通常の公立大学は開設時に県や市から優秀な事務員が派遣されて業務を遂行するのですが、4年経つと元の職場に戻るのが慣例。
それらの人が去ってしまうと同時に、大学のレベルが下がり始めることが公立の他大学の検証から分かったそうです。
これを理解しているので、国際教養大学は派遣出向してきた職員も4年後も大学に残るようにしたのだそうです。
現在でも優秀な学生を確保できているハイレベルな公立大学として評価されていることは言うまでもないことです。
Sさんは現在、女子栄養大の理事もされている実力者です。
多くの大学が高校に「出張講義」、「出前講義」などを実施してのイメージ向上作戦を展開しています。

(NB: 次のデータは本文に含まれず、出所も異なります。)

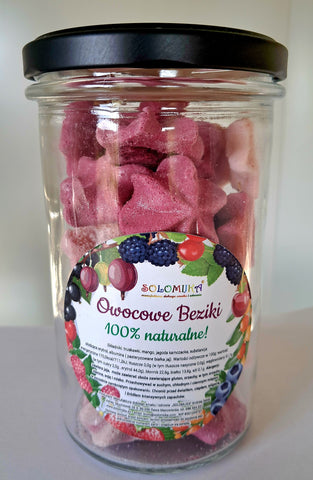 BEZIKI OWOCOWE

Sさんはこの大学でも大学教員は研究と教育に専念すれば良いことを徹底されています。
よってSさんのアイデアで大学教員を高校に派遣するのではなく、
栄養について面白く語れる全国に点在する卒業生の活用を始めたそうです。
年間400件以上の出張講義の実施。
すごいと思います。
また、企業との連携、高大連系についての資料も見せていただきましたが、
そうそうたる企業や高校の数に驚かされました。
その他、私学は山手線内の大学が定員確保できているが、
山手線以外にある大学は留学生の入学によって辛うじて定員確保できているという話やカタカタ名の奇抜な学部を新設しても恒常的には学生を確保できない話も聞けました。
UI(ユニバーシティー・アイデンティティ)に則った大学経営がされるべきとの話は納得できました。
確かに○○工業大学の看護学部新設には違和感を感じてしまいます。